_What to do_
Using the listing below, please print exactly the lines from the one with "Empty display stands" through the one with "Peak Performance clinical". Leave out every picture.

_Provided data_
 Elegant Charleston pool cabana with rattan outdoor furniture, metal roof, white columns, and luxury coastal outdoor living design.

==

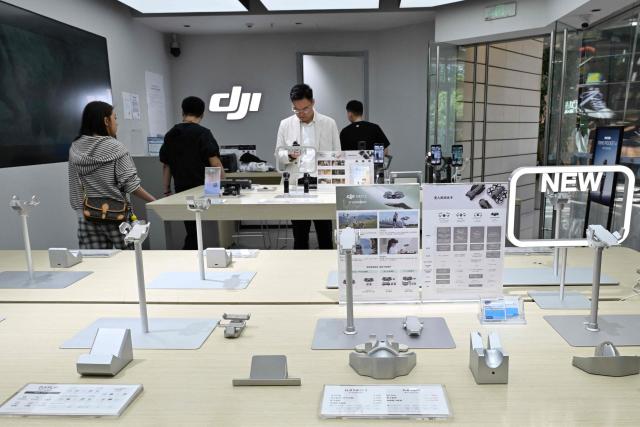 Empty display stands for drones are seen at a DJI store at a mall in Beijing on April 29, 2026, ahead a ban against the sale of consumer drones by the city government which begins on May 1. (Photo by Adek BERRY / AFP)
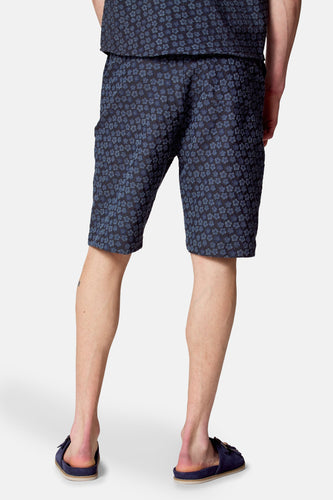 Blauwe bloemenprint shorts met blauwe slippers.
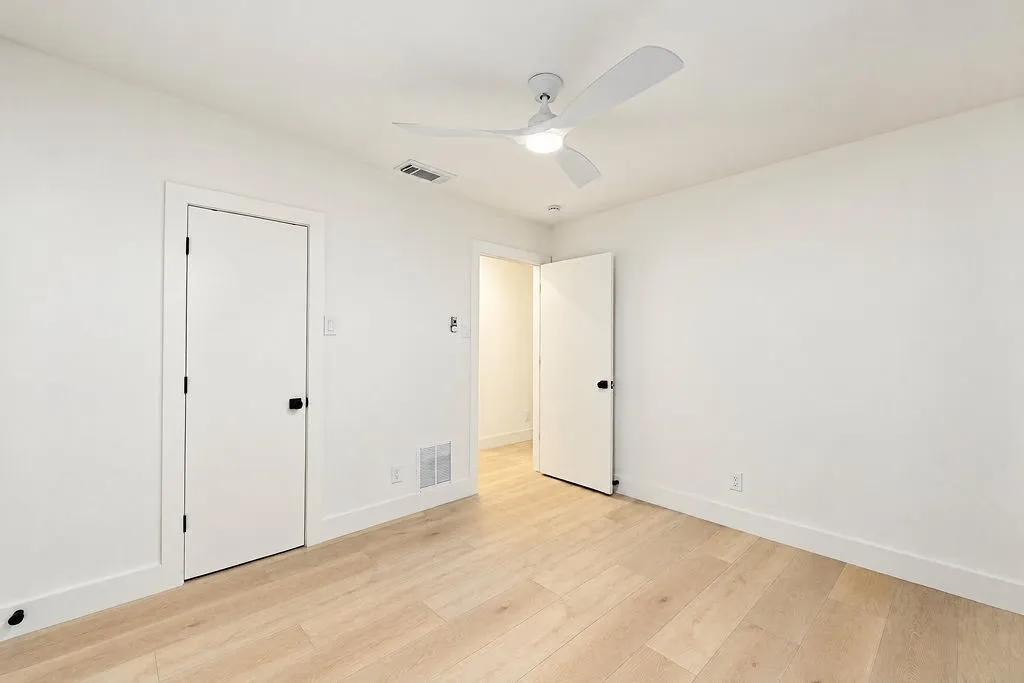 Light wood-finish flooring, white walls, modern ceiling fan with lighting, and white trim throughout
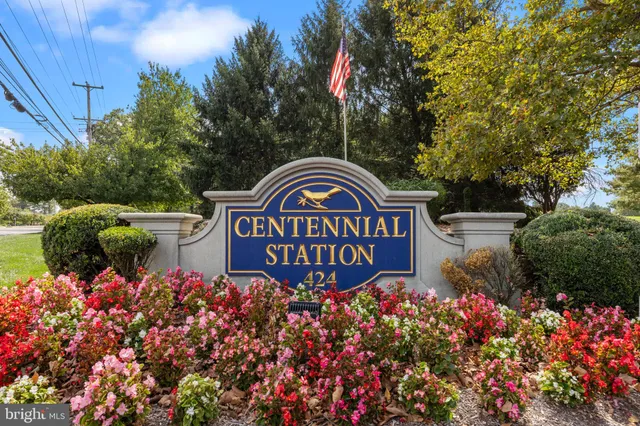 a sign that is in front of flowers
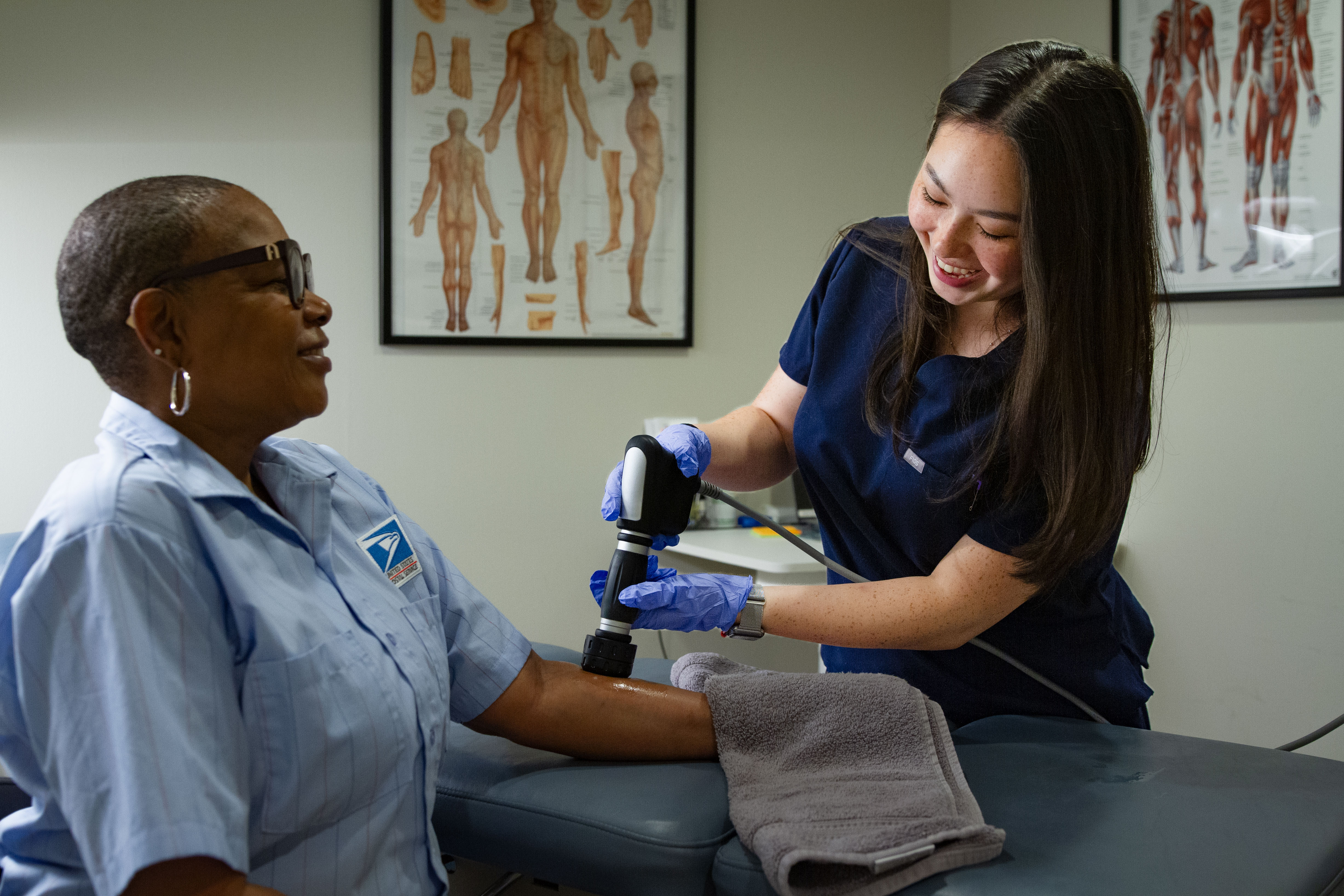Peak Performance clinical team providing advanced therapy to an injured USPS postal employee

_Exercise response_
 Empty display stands for drones are seen at a DJI store at a mall in Beijing on April 29, 2026, ahead a ban against the sale of consumer drones by the city government which begins on May 1. (Photo by Adek BERRY / AFP)
 Blauwe bloemenprint shorts met blauwe slippers.
 Light wood-finish flooring, white walls, modern ceiling fan with lighting, and white trim throughout
 a sign that is in front of flowers
Peak Performance clinical team providing advanced therapy to an injured USPS postal employee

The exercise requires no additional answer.